- **Required work**
Would you please transcribe, exactly as written, the lines of the entries below starting at the one that holds "Espaguetis. Espaguetis de" and ending at the one that holds "kitchen featuring white", both included?

Extracted records:

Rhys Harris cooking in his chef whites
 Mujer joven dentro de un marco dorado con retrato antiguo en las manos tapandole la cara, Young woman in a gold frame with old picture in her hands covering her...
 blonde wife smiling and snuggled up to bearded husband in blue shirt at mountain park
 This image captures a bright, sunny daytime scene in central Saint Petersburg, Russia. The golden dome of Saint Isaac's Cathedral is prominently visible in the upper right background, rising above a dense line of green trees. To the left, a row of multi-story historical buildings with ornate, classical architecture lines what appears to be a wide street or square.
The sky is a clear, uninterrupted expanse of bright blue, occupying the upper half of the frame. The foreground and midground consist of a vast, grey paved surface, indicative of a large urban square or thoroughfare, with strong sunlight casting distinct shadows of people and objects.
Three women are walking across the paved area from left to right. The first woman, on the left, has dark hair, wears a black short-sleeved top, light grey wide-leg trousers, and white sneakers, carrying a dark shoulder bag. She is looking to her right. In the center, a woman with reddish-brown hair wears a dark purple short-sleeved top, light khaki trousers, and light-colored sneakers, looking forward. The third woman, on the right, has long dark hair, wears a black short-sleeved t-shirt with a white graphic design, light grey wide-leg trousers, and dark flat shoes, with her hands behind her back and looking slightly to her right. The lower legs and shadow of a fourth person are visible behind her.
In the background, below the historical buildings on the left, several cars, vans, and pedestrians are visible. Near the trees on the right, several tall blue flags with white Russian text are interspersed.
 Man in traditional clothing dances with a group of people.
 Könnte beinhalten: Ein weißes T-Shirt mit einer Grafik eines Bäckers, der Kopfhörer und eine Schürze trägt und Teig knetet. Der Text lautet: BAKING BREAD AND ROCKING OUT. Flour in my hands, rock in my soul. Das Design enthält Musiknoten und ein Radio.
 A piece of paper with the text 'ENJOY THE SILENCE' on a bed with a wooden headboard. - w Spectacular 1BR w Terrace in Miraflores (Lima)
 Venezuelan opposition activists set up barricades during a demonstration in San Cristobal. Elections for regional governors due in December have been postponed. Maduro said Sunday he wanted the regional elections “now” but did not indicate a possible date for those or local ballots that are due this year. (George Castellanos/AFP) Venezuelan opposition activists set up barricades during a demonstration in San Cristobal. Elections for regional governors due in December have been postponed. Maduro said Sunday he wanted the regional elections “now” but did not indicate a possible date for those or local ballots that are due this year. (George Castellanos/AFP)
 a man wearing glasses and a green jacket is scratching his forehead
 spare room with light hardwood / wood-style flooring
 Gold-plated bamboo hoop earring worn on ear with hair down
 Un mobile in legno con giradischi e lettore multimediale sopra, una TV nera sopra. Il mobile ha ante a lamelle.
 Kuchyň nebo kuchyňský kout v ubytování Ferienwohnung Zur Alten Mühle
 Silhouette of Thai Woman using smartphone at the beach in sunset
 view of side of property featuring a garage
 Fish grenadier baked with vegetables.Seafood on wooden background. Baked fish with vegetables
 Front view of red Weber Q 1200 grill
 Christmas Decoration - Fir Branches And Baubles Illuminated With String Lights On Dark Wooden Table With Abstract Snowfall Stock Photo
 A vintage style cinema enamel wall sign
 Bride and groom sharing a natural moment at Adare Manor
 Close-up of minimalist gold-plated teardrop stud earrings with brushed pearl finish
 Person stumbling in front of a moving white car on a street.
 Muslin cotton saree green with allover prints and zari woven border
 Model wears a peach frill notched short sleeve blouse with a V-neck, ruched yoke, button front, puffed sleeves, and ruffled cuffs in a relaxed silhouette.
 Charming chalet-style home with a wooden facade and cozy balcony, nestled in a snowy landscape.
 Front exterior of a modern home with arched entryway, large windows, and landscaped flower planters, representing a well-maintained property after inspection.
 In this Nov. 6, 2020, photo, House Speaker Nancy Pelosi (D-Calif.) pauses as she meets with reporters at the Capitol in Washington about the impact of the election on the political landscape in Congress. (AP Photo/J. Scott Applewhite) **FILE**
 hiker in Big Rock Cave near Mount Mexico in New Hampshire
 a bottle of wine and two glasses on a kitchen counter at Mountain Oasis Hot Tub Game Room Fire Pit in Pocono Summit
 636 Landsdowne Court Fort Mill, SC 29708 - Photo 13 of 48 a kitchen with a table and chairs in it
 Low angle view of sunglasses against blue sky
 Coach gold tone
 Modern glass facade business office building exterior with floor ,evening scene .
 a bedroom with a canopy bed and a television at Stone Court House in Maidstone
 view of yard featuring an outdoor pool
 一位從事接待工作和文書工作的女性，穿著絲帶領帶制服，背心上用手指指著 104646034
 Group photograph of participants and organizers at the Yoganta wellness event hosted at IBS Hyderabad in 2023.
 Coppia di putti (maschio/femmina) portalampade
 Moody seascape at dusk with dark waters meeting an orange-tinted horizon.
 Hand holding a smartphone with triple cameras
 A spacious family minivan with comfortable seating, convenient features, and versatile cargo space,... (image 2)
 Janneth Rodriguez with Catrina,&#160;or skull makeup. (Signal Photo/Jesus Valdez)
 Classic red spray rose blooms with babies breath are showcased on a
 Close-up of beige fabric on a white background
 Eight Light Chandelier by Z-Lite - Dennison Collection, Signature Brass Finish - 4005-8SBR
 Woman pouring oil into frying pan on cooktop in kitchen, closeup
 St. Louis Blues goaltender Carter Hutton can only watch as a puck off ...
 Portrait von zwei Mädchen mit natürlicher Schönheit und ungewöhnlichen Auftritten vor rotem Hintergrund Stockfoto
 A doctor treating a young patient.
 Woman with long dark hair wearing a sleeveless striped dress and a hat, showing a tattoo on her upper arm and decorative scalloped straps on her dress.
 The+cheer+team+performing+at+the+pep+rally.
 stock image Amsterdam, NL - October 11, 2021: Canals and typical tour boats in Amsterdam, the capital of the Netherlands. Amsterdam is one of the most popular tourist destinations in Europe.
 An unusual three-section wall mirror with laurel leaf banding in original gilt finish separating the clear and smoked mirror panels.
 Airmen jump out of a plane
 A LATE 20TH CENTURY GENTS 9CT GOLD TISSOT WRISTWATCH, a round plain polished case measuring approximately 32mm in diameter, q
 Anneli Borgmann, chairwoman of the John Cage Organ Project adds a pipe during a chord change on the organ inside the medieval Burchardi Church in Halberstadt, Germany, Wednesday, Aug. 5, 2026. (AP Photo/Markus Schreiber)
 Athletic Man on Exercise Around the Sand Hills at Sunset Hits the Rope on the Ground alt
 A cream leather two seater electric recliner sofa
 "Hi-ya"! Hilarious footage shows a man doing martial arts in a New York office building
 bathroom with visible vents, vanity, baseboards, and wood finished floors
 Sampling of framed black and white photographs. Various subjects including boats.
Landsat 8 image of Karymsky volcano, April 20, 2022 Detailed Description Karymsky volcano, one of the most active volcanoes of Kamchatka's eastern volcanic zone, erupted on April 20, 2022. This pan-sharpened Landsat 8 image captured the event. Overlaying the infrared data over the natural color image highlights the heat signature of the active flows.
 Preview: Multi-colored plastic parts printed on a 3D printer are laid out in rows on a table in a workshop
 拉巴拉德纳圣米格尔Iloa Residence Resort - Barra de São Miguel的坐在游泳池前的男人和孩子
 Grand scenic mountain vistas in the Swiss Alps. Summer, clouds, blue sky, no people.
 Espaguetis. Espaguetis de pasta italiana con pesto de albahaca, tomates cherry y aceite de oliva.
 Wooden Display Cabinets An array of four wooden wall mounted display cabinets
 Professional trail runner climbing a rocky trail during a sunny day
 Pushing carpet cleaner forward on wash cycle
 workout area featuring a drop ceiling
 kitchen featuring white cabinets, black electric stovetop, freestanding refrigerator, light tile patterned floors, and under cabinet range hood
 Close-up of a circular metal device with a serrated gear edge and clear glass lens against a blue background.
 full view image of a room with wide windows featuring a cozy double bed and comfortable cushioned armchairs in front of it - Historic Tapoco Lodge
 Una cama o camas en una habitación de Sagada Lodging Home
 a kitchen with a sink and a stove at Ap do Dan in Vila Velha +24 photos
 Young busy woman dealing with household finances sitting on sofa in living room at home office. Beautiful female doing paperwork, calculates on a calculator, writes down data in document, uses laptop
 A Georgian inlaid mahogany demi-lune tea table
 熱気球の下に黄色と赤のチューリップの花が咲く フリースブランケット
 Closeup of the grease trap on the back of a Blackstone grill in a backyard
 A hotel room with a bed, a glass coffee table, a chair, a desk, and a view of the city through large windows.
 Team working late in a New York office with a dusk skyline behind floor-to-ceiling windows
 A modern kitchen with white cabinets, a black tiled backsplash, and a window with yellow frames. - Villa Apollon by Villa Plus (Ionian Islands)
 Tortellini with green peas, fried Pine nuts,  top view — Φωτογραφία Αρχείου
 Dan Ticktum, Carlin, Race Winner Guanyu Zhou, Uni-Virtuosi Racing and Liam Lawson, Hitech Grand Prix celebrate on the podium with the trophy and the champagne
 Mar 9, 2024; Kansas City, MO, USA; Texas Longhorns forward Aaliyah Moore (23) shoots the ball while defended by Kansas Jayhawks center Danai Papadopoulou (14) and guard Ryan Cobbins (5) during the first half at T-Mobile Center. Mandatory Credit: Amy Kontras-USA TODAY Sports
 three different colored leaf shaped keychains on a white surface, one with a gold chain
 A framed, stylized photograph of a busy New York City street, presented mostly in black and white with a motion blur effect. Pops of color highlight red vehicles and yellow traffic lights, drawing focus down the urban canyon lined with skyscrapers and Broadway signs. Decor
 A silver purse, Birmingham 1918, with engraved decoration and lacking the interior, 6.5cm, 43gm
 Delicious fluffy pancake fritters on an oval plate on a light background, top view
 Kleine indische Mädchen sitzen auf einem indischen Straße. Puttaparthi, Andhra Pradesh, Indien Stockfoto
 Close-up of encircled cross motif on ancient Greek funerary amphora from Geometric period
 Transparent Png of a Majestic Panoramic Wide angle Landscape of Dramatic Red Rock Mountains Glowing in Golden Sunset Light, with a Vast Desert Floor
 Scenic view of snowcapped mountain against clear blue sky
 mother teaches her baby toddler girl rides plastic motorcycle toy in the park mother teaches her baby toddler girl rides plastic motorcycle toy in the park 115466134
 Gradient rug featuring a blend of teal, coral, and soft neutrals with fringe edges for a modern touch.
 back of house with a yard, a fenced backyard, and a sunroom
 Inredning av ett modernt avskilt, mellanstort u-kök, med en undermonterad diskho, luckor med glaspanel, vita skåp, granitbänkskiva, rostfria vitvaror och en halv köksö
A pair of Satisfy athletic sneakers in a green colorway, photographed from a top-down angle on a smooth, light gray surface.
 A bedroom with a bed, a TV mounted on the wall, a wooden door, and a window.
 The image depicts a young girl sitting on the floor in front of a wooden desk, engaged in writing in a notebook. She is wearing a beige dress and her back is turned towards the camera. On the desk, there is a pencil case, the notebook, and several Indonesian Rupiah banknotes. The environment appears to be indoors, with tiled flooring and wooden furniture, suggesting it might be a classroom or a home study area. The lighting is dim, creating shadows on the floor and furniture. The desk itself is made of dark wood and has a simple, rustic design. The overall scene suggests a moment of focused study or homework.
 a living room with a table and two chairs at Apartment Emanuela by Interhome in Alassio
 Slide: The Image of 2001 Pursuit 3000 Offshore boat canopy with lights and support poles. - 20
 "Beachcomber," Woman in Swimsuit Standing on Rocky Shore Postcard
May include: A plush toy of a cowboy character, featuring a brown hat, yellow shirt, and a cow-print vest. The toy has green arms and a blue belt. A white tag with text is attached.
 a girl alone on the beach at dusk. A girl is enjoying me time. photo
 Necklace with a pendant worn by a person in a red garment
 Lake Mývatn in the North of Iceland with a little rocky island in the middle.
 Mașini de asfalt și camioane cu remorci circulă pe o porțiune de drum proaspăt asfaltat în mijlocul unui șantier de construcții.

- **Result**
 Espaguetis. Espaguetis de pasta italiana con pesto de albahaca, tomates cherry y aceite de oliva.
 Wooden Display Cabinets An array of four wooden wall mounted display cabinets
 Professional trail runner climbing a rocky trail during a sunny day
 Pushing carpet cleaner forward on wash cycle
 workout area featuring a drop ceiling
 kitchen featuring white cabinets, black electric stovetop, freestanding refrigerator, light tile patterned floors, and under cabinet range hood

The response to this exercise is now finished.